In December, Sonoran hired Stuart Jolly, who directed a pro-Trump PAC, and also worked as the national field director for the Trump campaign; Politico reports that Jolly parted ways with Sonoran in May. He worked with lobbyist Jacob Daniels, chief of staff for the Trump campaign in Michigan, and Robin Townley, who worked briefly on Trump’s National Security Council.
The lobbying firms are a bit of a departure for Saudi Arabia, which for years relied on close personal connections to press its case in Washington, explained Bilal Saab of the Atlantic Council. Prince Bandar bin Sultan was U.S. ambassador for over a decade and a close personal friend of the Bush family.
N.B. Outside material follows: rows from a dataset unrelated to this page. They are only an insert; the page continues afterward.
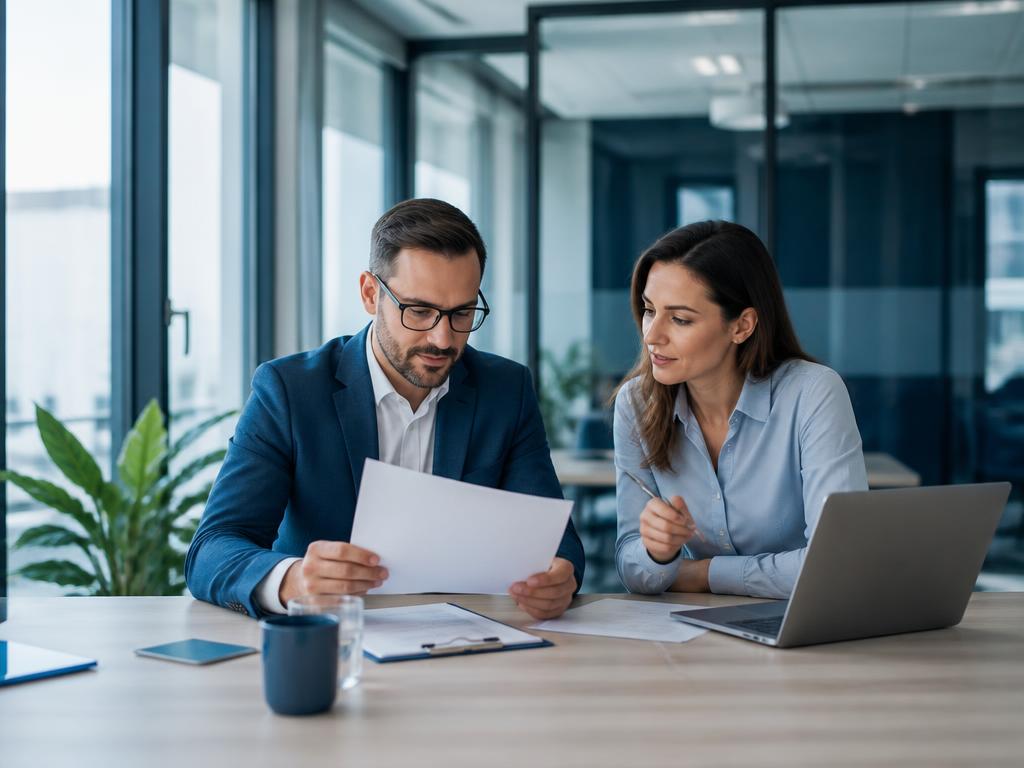 Two recruitment professionals reviewing candidate documents in a modern office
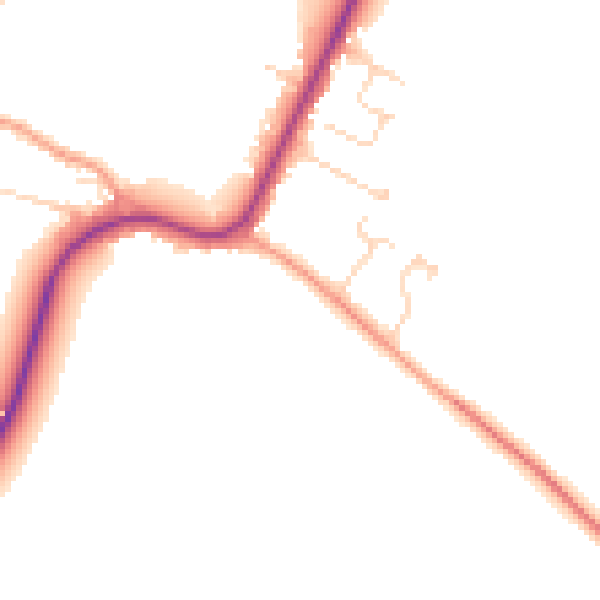 Daytime road noise heatmap for CB22 7NY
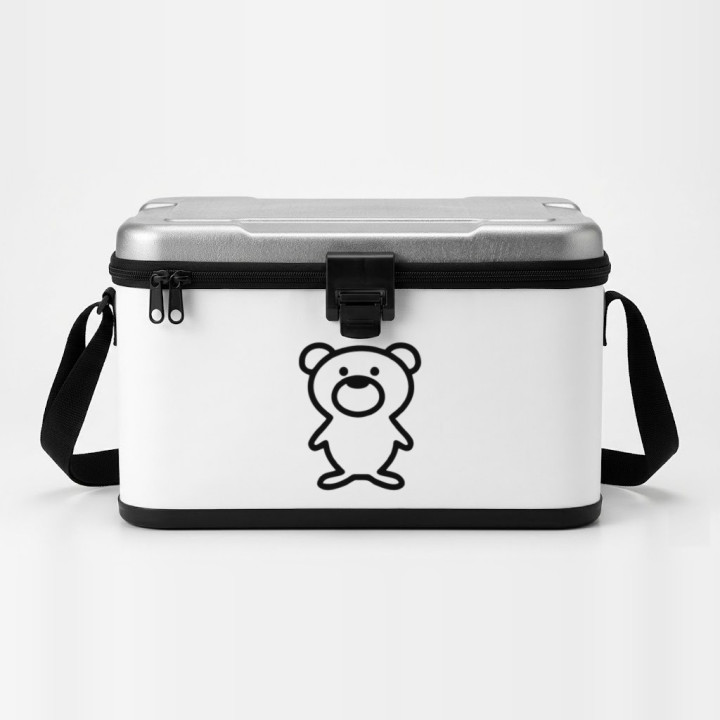 Cartoon Bear sticker on a cool box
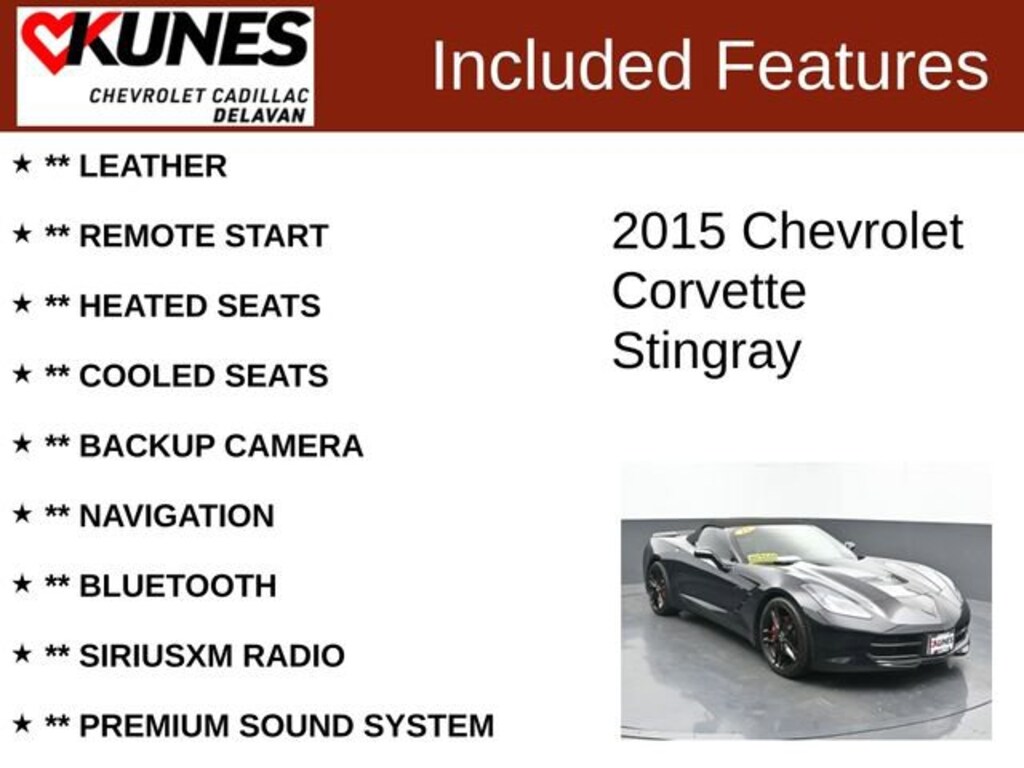 Used 2015 Chevrolet Corvette Stingray 2LT Performance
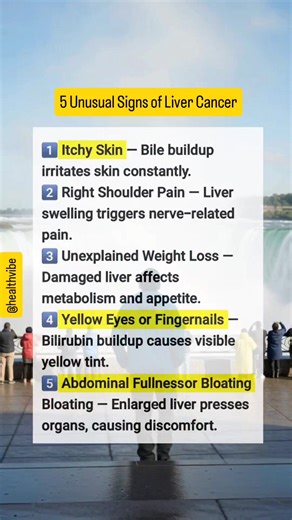 Here are 5 unusual signs of liver cancer that many people overlook... “Your liver speaks softly before it screams. 🫀 Don’t ignore these subtle signs.” #LiverHealth #CancerAwareness #EarlyDetection #HealthTips #BodySignals | HealthVibe Daily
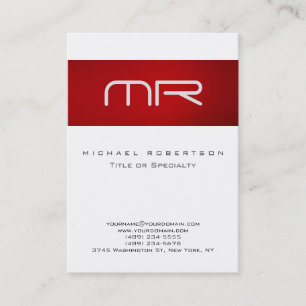 Zachte moderne monogram witte rode visitekaart visitekaartje
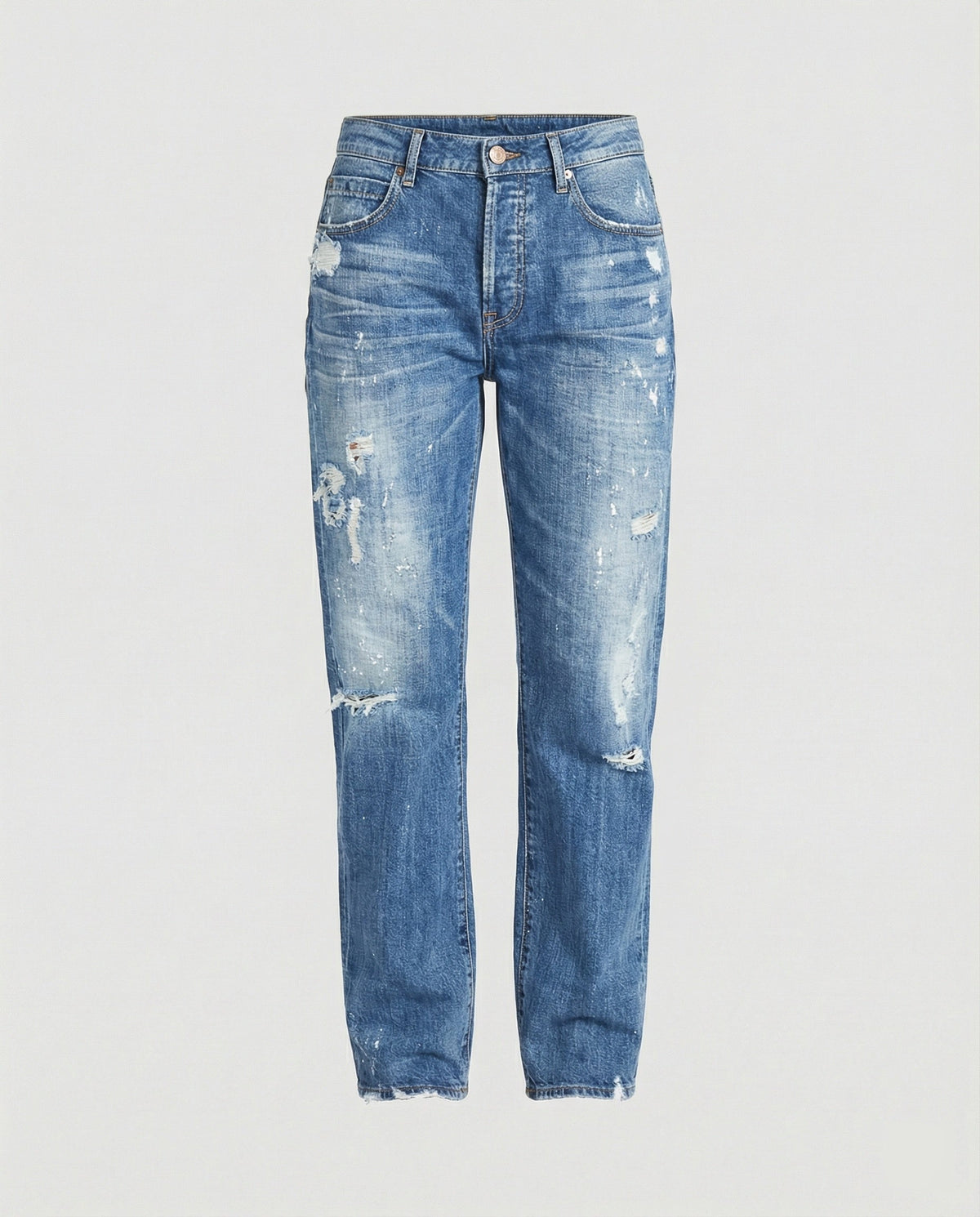Women’s Distressed Straight-Leg Jeans – Mid-Rise Denim Trousers with Ripped Details for Casual Everyday Wear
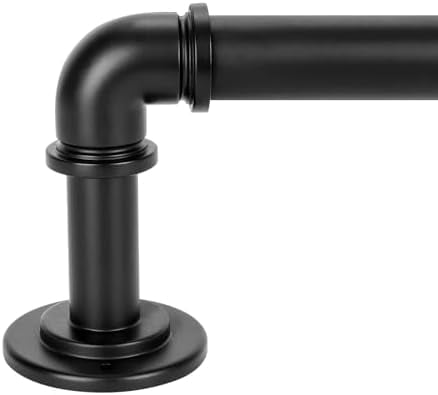 Black Industrial Curtain Rods for Windows 28 to 48 Inch(2.3 to 4 Feet), 1 Inch Diameter Blackout Wrap Around Adjustable Heavy Duty Window Drapery Rods, Indoor and Outdoor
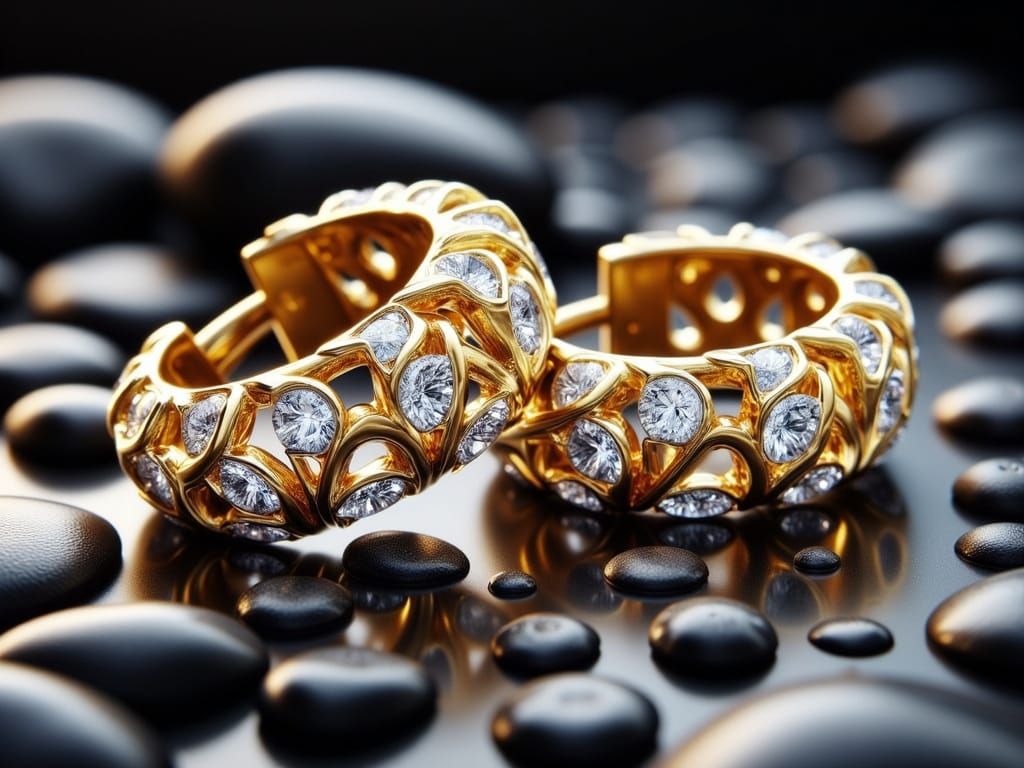 Luxurious Gold Earrings with Diamond Accents in Photorealist...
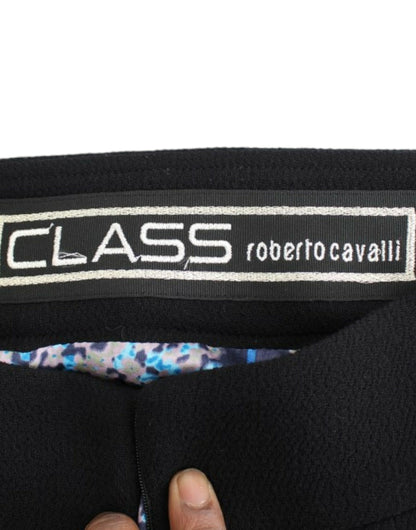 Cavalli Elegant Black Wool Pencil Kjol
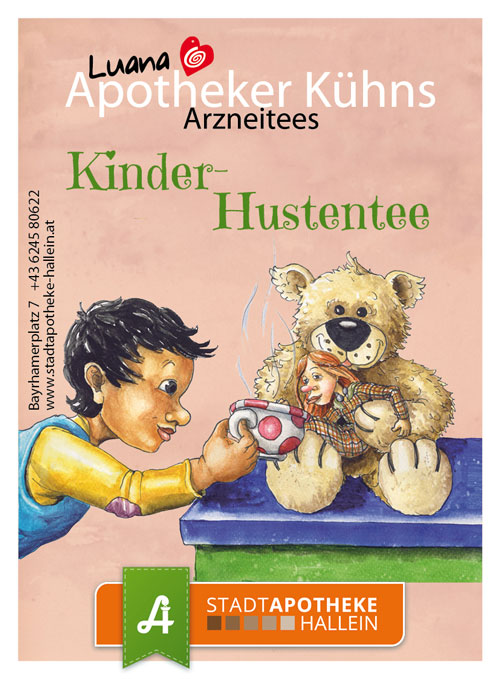 <strong>Kinder-Hustentee:</strong><br>Arzneitee bei Husten und Bronchialkatharr. Hustenreizstillend und schleimlösend.<br>Heilpflanzen: Königskerze, Spitzwegerich, Thymian, Hagebutte, Kandiszucker.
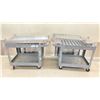 Image 1 : CUSTOM ALUMINUM JAR FILLING TRAYS WITH TWO RUBBERMAID CARTS. VARIOUS SIZES.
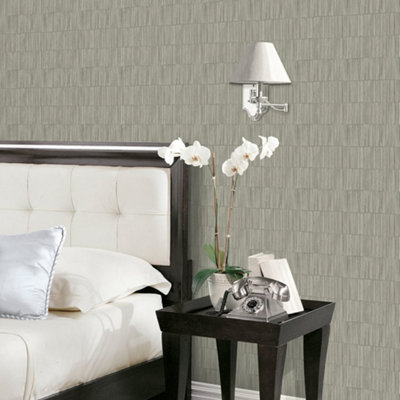 Galerie Boutique Collection Shimmery Geometric Bamboo Stripe Wallpaper from B&Q
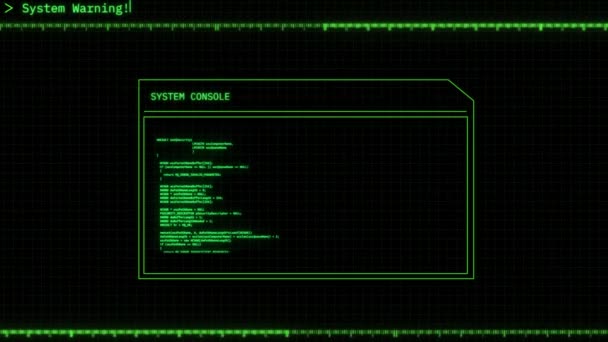 システム警告ウイルスサインデジタルノイズグリッチ効果画面背景. — ストック動画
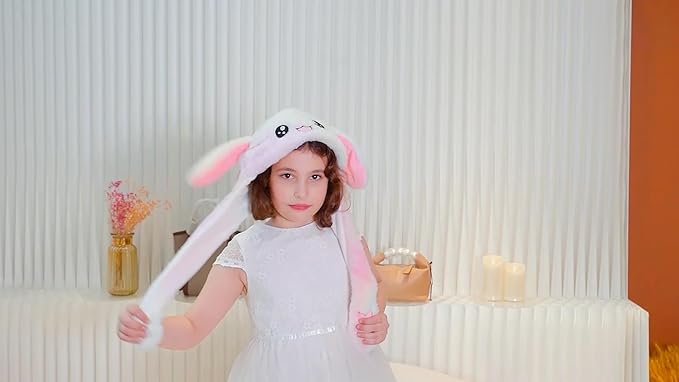 Bubblepompom Animal Hat with Ears Moving Jumping Pop Up Beating Hat Plush Holiday Cosplay Dress Up Funny Gift for Kids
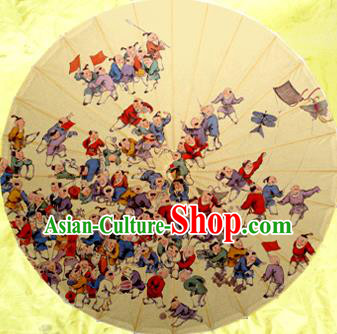 Handmade China Traditional Dance Wedding Umbrella Playing Hundred Children Oil-paper Umbrella Stage Performance Props Umbrellas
But when personal connections frayed — President Barack Obama didn’t click with the Saudis, who never viewed well his outreach to Tehran — the Saudi powers that be realized they needed other avenues, or “strategic communications,” as Saab puts it. And they’re still in the relatively early days of establishing them.
But they’re proving a quick study. CNN also noted that Saudi Arabia has 28 lobbying contracts with different firms, more than any country in the world, save for Japan’s full-court press, which includes 47 different D.C. lobbying contracts.
The Saudi attention isn’t just meant to restore closer ties, or successfully close long-pending deals, like the $110 billion arms deal that Trump inked with the Kingdom on his recent visit. Regardless of who won last November, Saudi Arabia was going to have to take a more proactive stance trying to shape the agenda in Washington: Congress last year overturned Obama’s veto to pass legislation allowing victims of the Sept. 11, 2001 terror attacks to sue the Saudi government.
Pushing back against that, as much as keeping Trump orb-happy and dancing, will likely keep the Kingdom busy for years.